Spießer Alfons hat ein Inserat als Musterbeispiel herausgepickt. Es erscheint in gewissen Abständen in einer großen Hamburger Tageszeitung. Der Inserent: Juwelier Edmund Arnold. Den gibt es laut Angabe schon seit 1880. Und Juwelier Arnold sucht dringend Luxusuhren und Schmuck. Und zahlt Höchstpreise. Und darum ist der Spießer dieser Annonce einmal nachgegangen.
Als Alfons den Laden in den Hamburger Colonnaden betreten hatte, saßen zwei Damen hinter und zwei vor den kleinen Ankaufstresen. Die dahinter saßen, waren die Mitarbeiterinnen von Arnold, die davor wollten ihren Familienschmuck verkaufen. Und dann hörte der Spießer die Mitarbeiterinnen von Arnold reden. Und zwar redeten sie die Preise in den Keller. Tenor: „Ja, ein schönes Stück, aber wir können natürlich nur den Materialwert bezahlen – 20 Euro für den goldenen Ring mit Stein. Ja, es ist ein Diamant, aber nur ein kleiner. Und was glauben Sie, wie günstig wir solche Steine auf der Diamantenbörse in einkaufen! Und das Armband ist hohl. Und die Uhr kaputt, da zählt natürlich nur der reine Goldwert.“ Und so weiter und so fort. Und sie schauten durch Lupen, maßen die Steine, tupften mit Tinkturen, rieben das Gold daran und stellten fest, dass die Legierung nur 333 ist und nicht 585, wie gehofft. Und dann wurde alles auf die Waage gelegt, woraufhin sich der Preis ergab, der niedrige. Eine Dame war den Tränen nahe, packte alles wieder ein. Die andere wollte es sich noch mal überlegen.
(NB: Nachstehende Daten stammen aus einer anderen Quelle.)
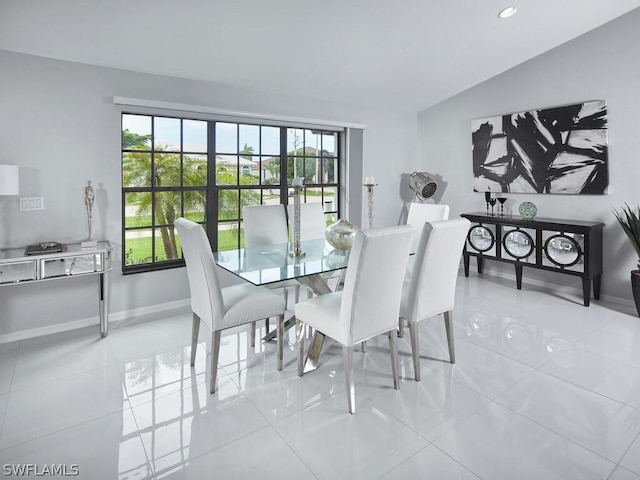 tiled dining space featuring vaulted ceiling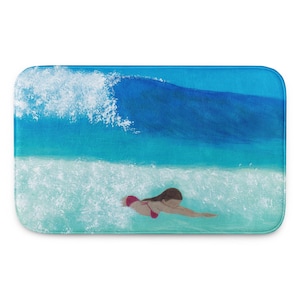 May include: A rectangular bath mat featuring an ocean scene. A swimmer in a red bikini is in the water, with a large blue wave overhead. The water is a mix of turquoise and white, creating a vibrant coastal theme.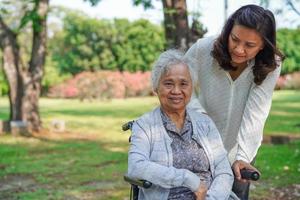 pflegekraft hilft und unterstützt asiatische seniorin oder ältere alte dame patientin im rollstuhl im park, gesundes starkes medizinisches konzept. foto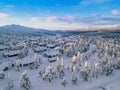 Aerial view of snow covered winter forest and road. Beautiful rural landscape in Finland Royalty Free Stock Photo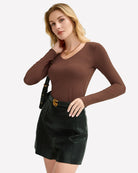 Brown long-sleeve V-neck top styled with a dark mini skirt
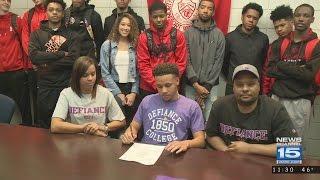 Elijah Holmes of North Side signs with Defiance College basketball on 5/4/17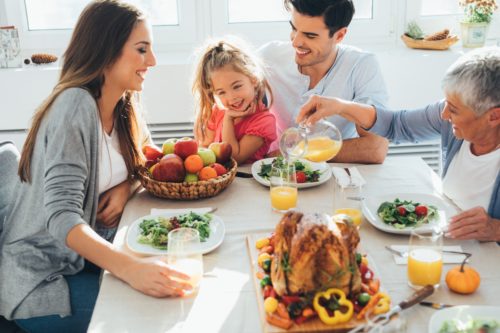 Three generation family having a Thanksgiving dinner.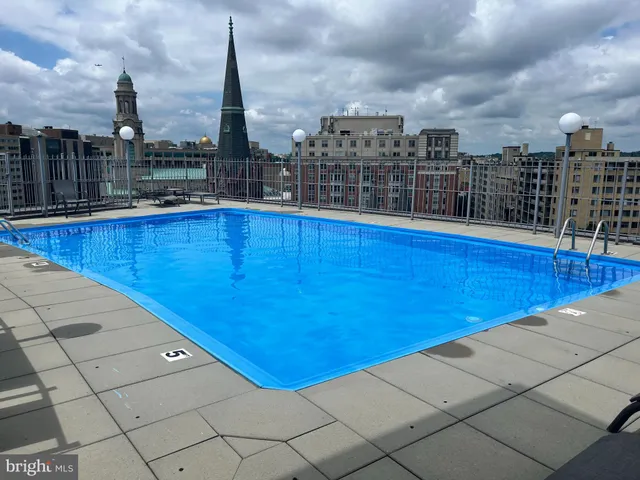 a view of roof with city view
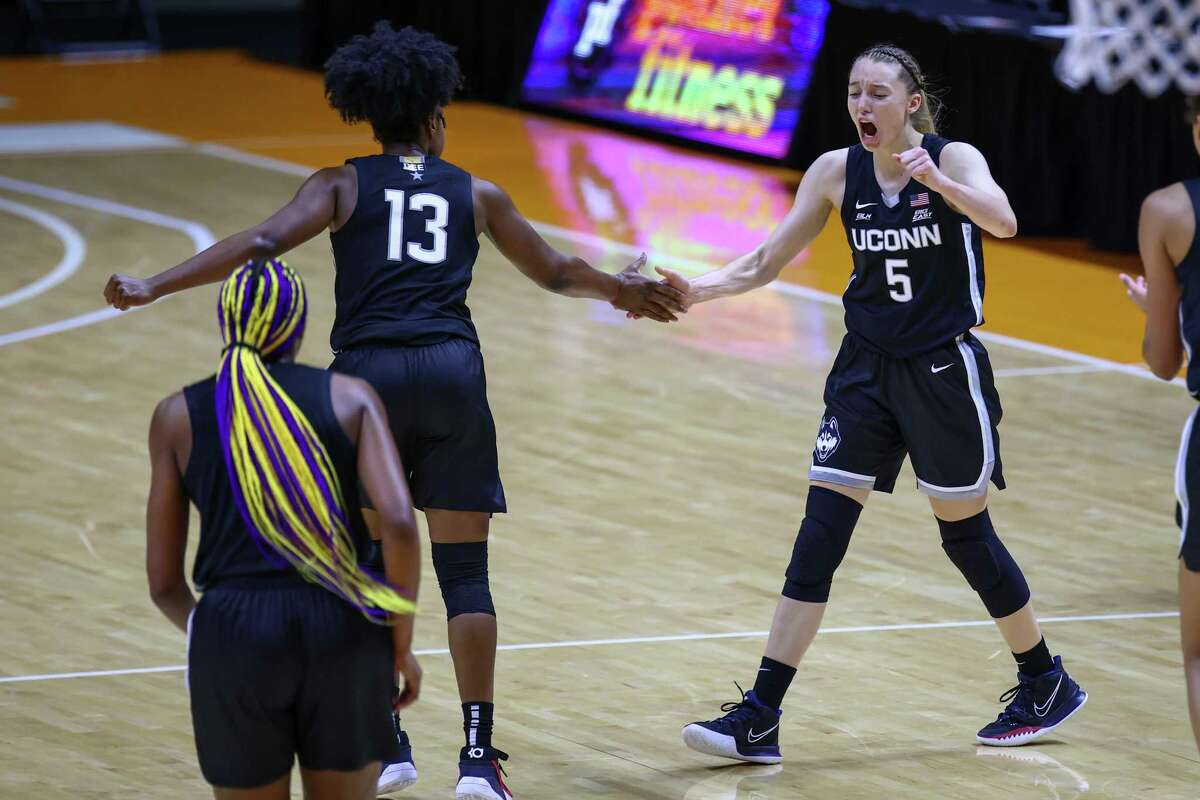 Jan 21, 2021; Knoxville, Tennessee, USA; UConn Huskies guard Christyn Williams (13) and guard Paige Bueckers (5) celebrate a play against the Tennessee Lady Vols during the second half at Thompson-Boling Arena. Mandatory Credit: Randy Sartin-USA TODAY Sports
Dann war Alfons an der Reihe. Er ließ den mitgebrachten Erbschmuck schätzen. Für die angebotenen Ankaufspreise hätte Alfons sich gerade mal ein neues Fahrrad kaufen können. (Herr Arnold hätte nach einem möglichen An- und Verkauf einen dreiwöchigen Luxusurlaub machen können.) Für seine Armbanduhr wurde Alfons (nach Rücksprache mit dem Chef) ein so niedriger Betrag angeboten, dass er sprach: „Dann gebe ich die lieber zu Ebay.“ Daraufhin erhöhte sich das Gebot unverzüglich um 1000 (eintausend) Euro. Alfons behielt seine Uhr. Trotzdem verkaufte er etwas von dem mitgebrachten Edelmetall, um zu sehen, was passiert. Und es passierte, was man ihm von anderer Stelle vorausgesagt hatte: Alfons musste eine Quittung unterschreiben, auf der nur seine Personalien aufgeführt waren. Der verkaufte Schmuck wurde nicht sonderlich spezifiziert, und es wurde nur ein Gesamtpreis angegeben. Auf der Quittung keinerlei Angaben über die Firma Arnold, kein Stempel, nur eine unlesbare Unterschrift. Diese „Quittung“ ist für den Verkäufer wie ein Blatt Klopapier, benutzt.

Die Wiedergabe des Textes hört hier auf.